Hello guys, new to the forum. Been looking around, appears to be a lot of knowledgeable members. Hopefully you can answer some or all of my questions. It would be greatly appreciated! I bought my first Stingray early this week. I am planning on redoing everything on it. But it won't be to its original state. This may bother some members, but I want to toss some white walls on it. And either a candy burnt orange, or a candy green on it for paint. I will be painting the logos back on. Seat will be re upholstered, probably black with the racing stripes, or ribbed white.  

Anyways, seller dropped this off to me on Monday. 

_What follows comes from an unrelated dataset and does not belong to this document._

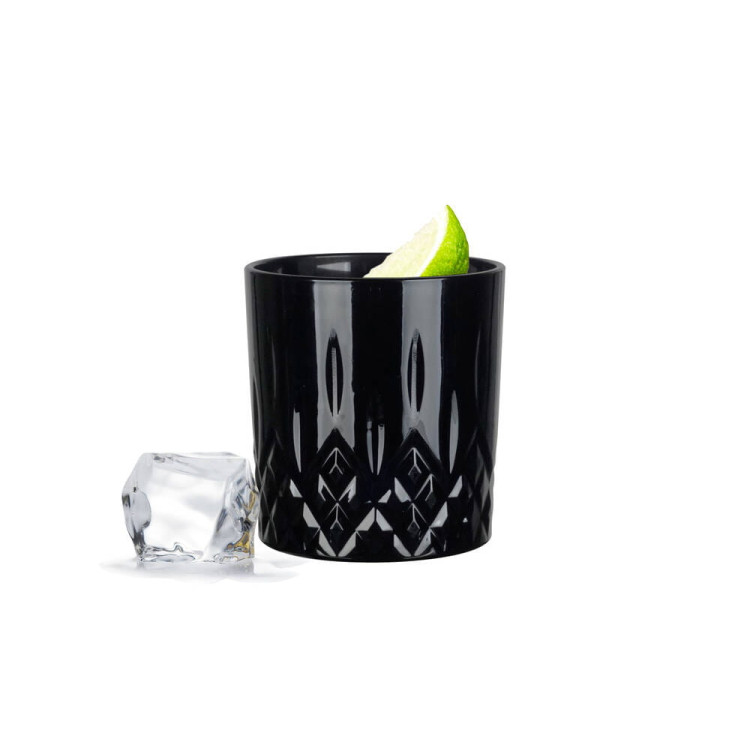 Szklanki do whisky drinków zestaw 6 szklanek 280 ml czarne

The frame is in good shape, no dents, bends. Just a bit of rust, but I will sand/fill that in. Work in a body shop so it won't be an issue. The chrome isn't in to bad of shape, but I am going to have it re-dipped. I am wanting to put fenders on it. But I am not quite sure if they will mount up without modification? Does the front one mount to the bottom of the headset tube/fork? I've seen some fenders with just a hole, and others with a mount? I've got the bike almost completely stripped down. The bearings look to be in great shape. No rust at all. The grease has just dried up, need to work that out of the centers yet. What would be needed to toss a stick shift on to this bike? Where can one buy original pedals and grips? Thanks!


----------



## Dan the bike man (Mar 6, 2013)

Welcome! The bike will look really sharp when you're done! There is a "wanted" thread here you can post a wanted ad for needed parts, or ebay may have them listed. Post "after" photos in the sting ray thread when your done.


----------



## pangloss (Mar 6, 2013)

That should be a fun one! Regarding the stick shift, all it takes is deciding what type of gears to use (internal hub or the cassette...) and finding the right wheel/hub and shifter. (There are other little peripheral pulleys and clamps needed for both setups as well.) I built a stingray type bike out of a 24" Schwinn and used a 3 speed coaster brake hub. Enough gears to get around without all the cables going up to the bars for brakes.
Have fun!
Troy


----------